Problem requirements. Reproduce the data exactly as it stands.

Available data.
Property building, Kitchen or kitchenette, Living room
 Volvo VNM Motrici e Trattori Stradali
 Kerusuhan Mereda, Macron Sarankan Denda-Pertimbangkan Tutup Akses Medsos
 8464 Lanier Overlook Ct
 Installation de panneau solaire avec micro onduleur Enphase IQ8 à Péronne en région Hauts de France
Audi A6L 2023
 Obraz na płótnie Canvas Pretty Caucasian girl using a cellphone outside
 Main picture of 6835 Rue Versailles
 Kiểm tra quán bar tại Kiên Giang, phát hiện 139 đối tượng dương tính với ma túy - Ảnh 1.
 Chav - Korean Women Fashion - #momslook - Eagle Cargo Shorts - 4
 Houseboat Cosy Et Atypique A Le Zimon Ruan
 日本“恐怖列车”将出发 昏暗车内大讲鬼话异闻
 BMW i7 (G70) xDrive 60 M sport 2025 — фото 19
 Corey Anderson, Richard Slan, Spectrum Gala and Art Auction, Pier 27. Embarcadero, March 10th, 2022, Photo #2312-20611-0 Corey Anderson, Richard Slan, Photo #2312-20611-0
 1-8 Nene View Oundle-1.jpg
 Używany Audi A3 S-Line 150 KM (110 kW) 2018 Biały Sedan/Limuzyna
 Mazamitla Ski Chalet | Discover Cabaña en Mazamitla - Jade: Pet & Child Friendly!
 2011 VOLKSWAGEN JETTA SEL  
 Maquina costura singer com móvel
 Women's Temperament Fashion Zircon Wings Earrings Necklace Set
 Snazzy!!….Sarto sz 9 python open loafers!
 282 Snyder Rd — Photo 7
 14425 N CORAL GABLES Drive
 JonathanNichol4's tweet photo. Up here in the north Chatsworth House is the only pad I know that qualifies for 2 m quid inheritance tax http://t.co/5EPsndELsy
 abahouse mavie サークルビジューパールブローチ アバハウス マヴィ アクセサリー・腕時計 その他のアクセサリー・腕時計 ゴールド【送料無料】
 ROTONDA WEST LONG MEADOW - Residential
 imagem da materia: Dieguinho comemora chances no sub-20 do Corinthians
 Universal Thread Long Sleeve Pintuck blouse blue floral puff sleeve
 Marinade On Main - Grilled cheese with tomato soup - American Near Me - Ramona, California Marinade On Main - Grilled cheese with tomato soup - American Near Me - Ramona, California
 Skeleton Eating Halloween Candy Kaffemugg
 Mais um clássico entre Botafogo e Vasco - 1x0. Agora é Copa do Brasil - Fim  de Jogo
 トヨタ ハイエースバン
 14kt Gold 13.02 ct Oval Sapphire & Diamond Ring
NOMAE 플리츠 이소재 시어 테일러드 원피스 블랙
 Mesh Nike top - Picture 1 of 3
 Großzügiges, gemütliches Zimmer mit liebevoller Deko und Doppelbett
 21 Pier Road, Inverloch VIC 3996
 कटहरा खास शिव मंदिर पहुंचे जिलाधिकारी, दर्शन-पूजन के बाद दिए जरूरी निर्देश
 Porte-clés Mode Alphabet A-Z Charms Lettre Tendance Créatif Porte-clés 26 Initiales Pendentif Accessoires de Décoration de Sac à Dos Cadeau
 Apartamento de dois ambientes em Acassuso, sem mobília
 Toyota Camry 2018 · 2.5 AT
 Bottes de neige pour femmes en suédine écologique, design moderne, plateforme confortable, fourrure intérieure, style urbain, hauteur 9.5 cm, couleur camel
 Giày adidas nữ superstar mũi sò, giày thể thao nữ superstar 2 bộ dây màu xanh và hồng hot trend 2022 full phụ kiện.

Result for this task.
Property building, Kitchen or kitchenette, Living room
 Volvo VNM Motrici e Trattori Stradali
 Kerusuhan Mereda, Macron Sarankan Denda-Pertimbangkan Tutup Akses Medsos
 8464 Lanier Overlook Ct
 Installation de panneau solaire avec micro onduleur Enphase IQ8 à Péronne en région Hauts de France
Audi A6L 2023
 Obraz na płótnie Canvas Pretty Caucasian girl using a cellphone outside
 Main picture of 6835 Rue Versailles
 Kiểm tra quán bar tại Kiên Giang, phát hiện 139 đối tượng dương tính với ma túy - Ảnh 1.
 Chav - Korean Women Fashion - #momslook - Eagle Cargo Shorts - 4
 Houseboat Cosy Et Atypique A Le Zimon Ruan
 日本“恐怖列车”将出发 昏暗车内大讲鬼话异闻
 BMW i7 (G70) xDrive 60 M sport 2025 — фото 19
 Corey Anderson, Richard Slan, Spectrum Gala and Art Auction, Pier 27. Embarcadero, March 10th, 2022, Photo #2312-20611-0 Corey Anderson, Richard Slan, Photo #2312-20611-0
 1-8 Nene View Oundle-1.jpg
 Używany Audi A3 S-Line 150 KM (110 kW) 2018 Biały Sedan/Limuzyna
 Mazamitla Ski Chalet | Discover Cabaña en Mazamitla - Jade: Pet & Child Friendly!
 2011 VOLKSWAGEN JETTA SEL  
 Maquina costura singer com móvel
 Women's Temperament Fashion Zircon Wings Earrings Necklace Set
 Snazzy!!….Sarto sz 9 python open loafers!
 282 Snyder Rd — Photo 7
 14425 N CORAL GABLES Drive
 JonathanNichol4's tweet photo. Up here in the north Chatsworth House is the only pad I know that qualifies for 2 m quid inheritance tax http://t.co/5EPsndELsy
 abahouse mavie サークルビジューパールブローチ アバハウス マヴィ アクセサリー・腕時計 その他のアクセサリー・腕時計 ゴールド【送料無料】
 ROTONDA WEST LONG MEADOW - Residential
 imagem da materia: Dieguinho comemora chances no sub-20 do Corinthians
 Universal Thread Long Sleeve Pintuck blouse blue floral puff sleeve
 Marinade On Main - Grilled cheese with tomato soup - American Near Me - Ramona, California Marinade On Main - Grilled cheese with tomato soup - American Near Me - Ramona, California
 Skeleton Eating Halloween Candy Kaffemugg
 Mais um clássico entre Botafogo e Vasco - 1x0. Agora é Copa do Brasil - Fim  de Jogo
 トヨタ ハイエースバン
 14kt Gold 13.02 ct Oval Sapphire & Diamond Ring
NOMAE 플리츠 이소재 시어 테일러드 원피스 블랙
 Mesh Nike top - Picture 1 of 3
 Großzügiges, gemütliches Zimmer mit liebevoller Deko und Doppelbett
 21 Pier Road, Inverloch VIC 3996
 कटहरा खास शिव मंदिर पहुंचे जिलाधिकारी, दर्शन-पूजन के बाद दिए जरूरी निर्देश
 Porte-clés Mode Alphabet A-Z Charms Lettre Tendance Créatif Porte-clés 26 Initiales Pendentif Accessoires de Décoration de Sac à Dos Cadeau
 Apartamento de dois ambientes em Acassuso, sem mobília
 Toyota Camry 2018 · 2.5 AT
 Bottes de neige pour femmes en suédine écologique, design moderne, plateforme confortable, fourrure intérieure, style urbain, hauteur 9.5 cm, couleur camel
 Giày adidas nữ superstar mũi sò, giày thể thao nữ superstar 2 bộ dây màu xanh và hồng hot trend 2022 full phụ kiện.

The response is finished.